Le 3 août 1908, deux jeunes abbés, Amédée et Jean Bouyssonie, férus de recherches archéologiques, font une découverte qui va bouleverser le monde de la préhistoire. Sur le site de La Chapelle-aux-Saints (Corrèze) où, depuis trois ans, ils fouillent un lieu qui regorge de silex et d'ossements, les deux frères découvrent à l'entrée d'une grotte le squelette complet d'un homme préhistorique. En soi, la découverte constituait déjà un événement en ce début de XXe siècle. Mais l'émotion des hommes est encore plus forte car il est manifeste que ce corps a été enterré là intentionnellement, il y a des milliers d'années : il s'agit bien d'une tombe préhistorique.
Le squelette de La Chapelle-aux-Saints était placé dans une fosse creusée à cet effet ; le corps était couché sur le dos et la tête calée contre quelques pierres. Les jambes étaient repliées et reversées sur la droite. Au-dessus de la tête avait été déposée une patte de bovidé. Autour du corps, on trouvera aussi des éclats de quartz, des silex bien travaillés. Malheureusement ces beaux silex furent volés par un ouvrier qui travaillait sur le chantier.
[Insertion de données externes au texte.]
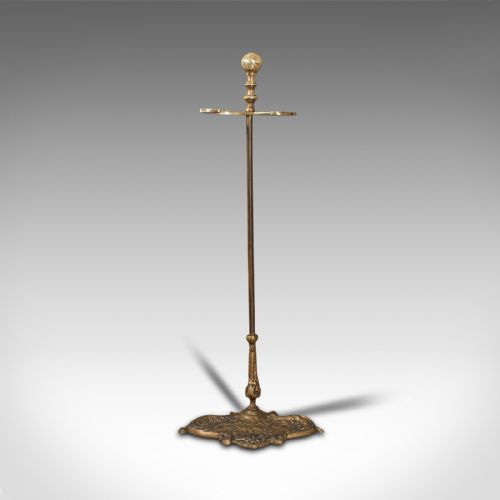fig 1. Antique Umbrella Stand, French, Brass, Hallway, Cane, Stick Rack, Art Nouveau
La nouvelle fit grand bruit. Elle remettait en cause bien des certitudes. Personne n'était vraiment prêt à admettre que les hommes de la lointaine préhistoire, du paléolithique ? l'âge de la pierre taillée ? puissent enterrer leurs morts. Et encore moins que l'homme de Neandertal, que l'on prenait (et que l'on prendra encore longtemps, y compris dans la communauté scientifique) pour une sorte de brute, à mi-chemin entre l'homme et la bête, puisse être animé d'un comportement aussi « humain » que l'enterrement de ses morts. Dans les années qui suivent, d'autres découvertes vont venir confirmer celle des frères Bouyssonie. En 1909, à La Ferrassie (Dordogne) est mise au jour une autre tombe préhistorique. Puis une autre en 1914 au Moustier. On retrouve les mêmes caractéristiques : fosses creusées, corps placé dans une position particulière, parfois restes d'animaux et outils déposés à proximité du corps. Le doute n'est plus permis. Les hommes de la préhistoire ont bien enterré leurs morts. Et sans doute pensaient-ils, comme en témoignent les offrandes associées, que les défunts allaient rejoindre un autre monde. Neandertal croyait-il donc à l'au-delà ?
A la même époque, d'autres découvertes viennent renforcer l'idée que les hommes préhistoriques avaient des préoccupations « spirituelles ». Dans le Sud de la France et en Espagne, non loin des lieux de fouilles où l'on retrouve silex et ossements, les grottes des environs sont ornées d'étonnantes peintures animales. Elles indiquent aux préhistoriens qu'au fond de ces grottes se pratiquaient sans doute des cultes magico-religieux où les esprit animaux tenaient une grande place.